I thought I'd do a little life update as I've seen quite a few of these posts floating around the internet and figured it was my turn.
I've just got back from my holiday in Greece with my family. It was lovely. So nice to relax around the pool all day and forget about life. I ate the most delicious meals and drank far, far too many milkshakes. (Including bailey's milkshake, I've been bangin' on about these for years; so,so good.)
I've got a nice tan and generally feel a whole lot better. My lovely purple/lilac hair stripped with the chlorine and I'm left with a tint on my roots! lovely. However the blonde is all sun kissed and suits me so much more. I don't think I can fight the urge to dye it.
It was a fantastic holiday and although a little strange with my younger sister Lol (Lauren) not being there as she's off in Africa for a month it was certainly a good time.
It's my twentieth birthday tomorrow, feels so strange saying that. I'm going to be a grown up... I'm off to Brighton with my family (minus Lol) for the day and hoping to meet up with an old friend whose just moved there. Any places I should check out? I'm hoping the weather is going to be nice - dreading the day where I have to wear tights! I haven't since April after that disastrous accident with a curb- my knee STILL hasn't healed!? it's been four months. It's not on.
Life also feels a little strange at the moment, I'll be back at work in a couple of days for some normality although I am dreading it as it's back to school. Such a nightmare, bad enough working in retail during the summer let alone with snobby parents. And then it's boot season, my favourite. Me and my boyfriend of four years have broken up, not entirely my decision but it's what has happened. I'm a little lost and although it's ended before I would of liked it to we've had a lovely four years. And I really do wish him the best.
I'm also back at uni in September, it's my final year and well I'm not looking forward to it.
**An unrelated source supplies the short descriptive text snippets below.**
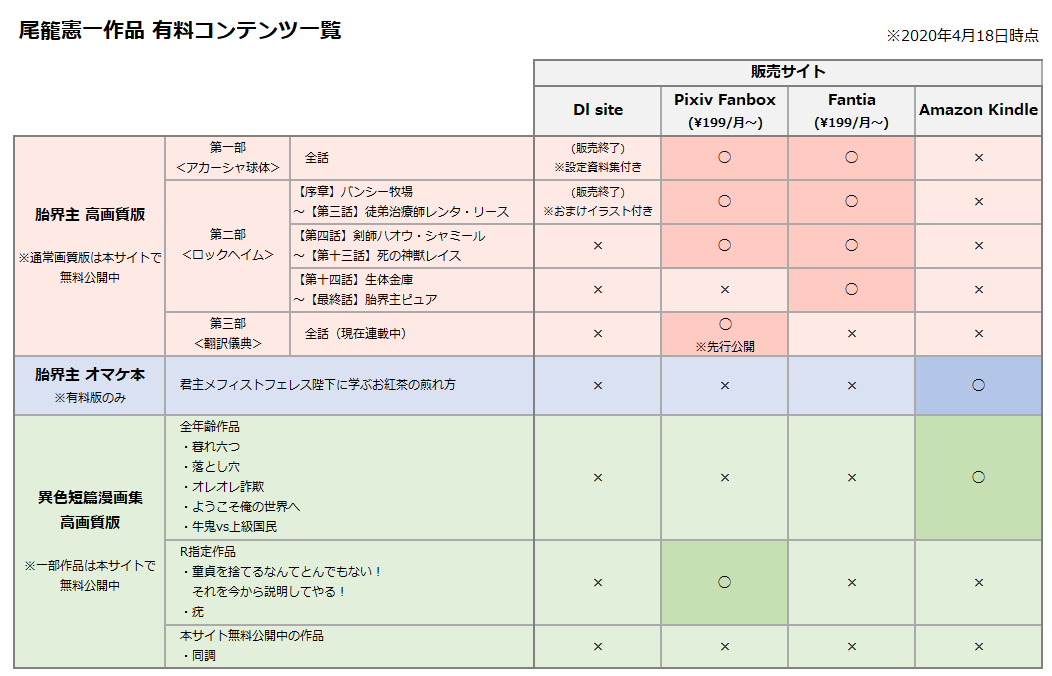 本好きの下剋上 wiki
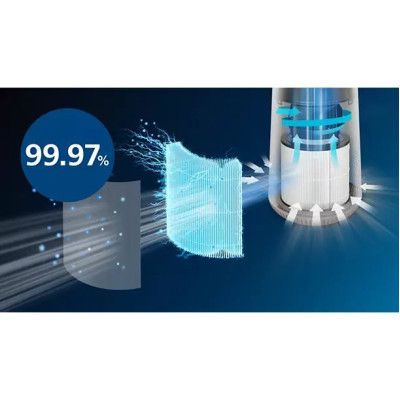 Воздухоочиститель Philips (AC0650/10)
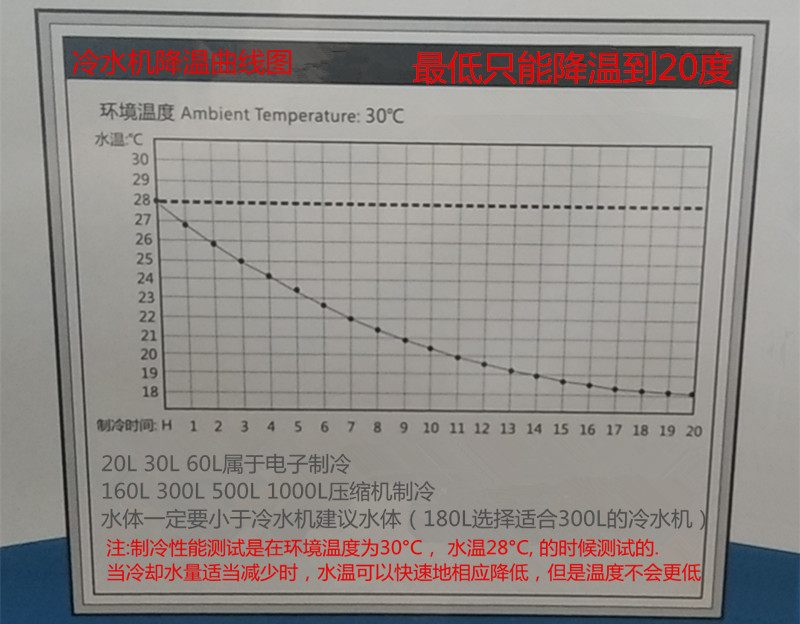 奥凌冷水机淡海水珊瑚鱼缸水族制冷机水冷降温制压缩机温控冷水器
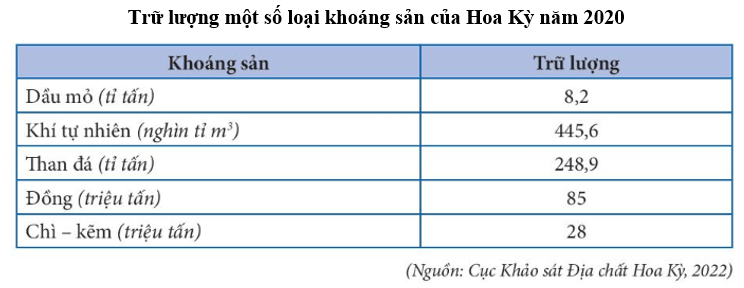 Lý thuyết Địa Lí 11 Chân trời sáng tạo Bài 17: Vị trí địa lí, điều kiện tự nhiên, dân cư và xã hội Hoa Kỳ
I've had a iffy year (great word!, describes it beautifully) and now things are on the mend but I'm really not inspired. I have to complete my summer project and I just don't seem to care about it. I'm not one of those types where like they see a potato or something completely stupid and are "SO INSPIRED" and then they whack out a brilliant project. - why isn't this me? Every now and then I find something that I love but it's so hard to translate it into something worth looking at. Could you please send some motivation this way? anybody else in the same position?
So how did you feel about this me me me me me style post? would you be interested in reading the same sort of thing again? or would happily let me shut up and deal with it!?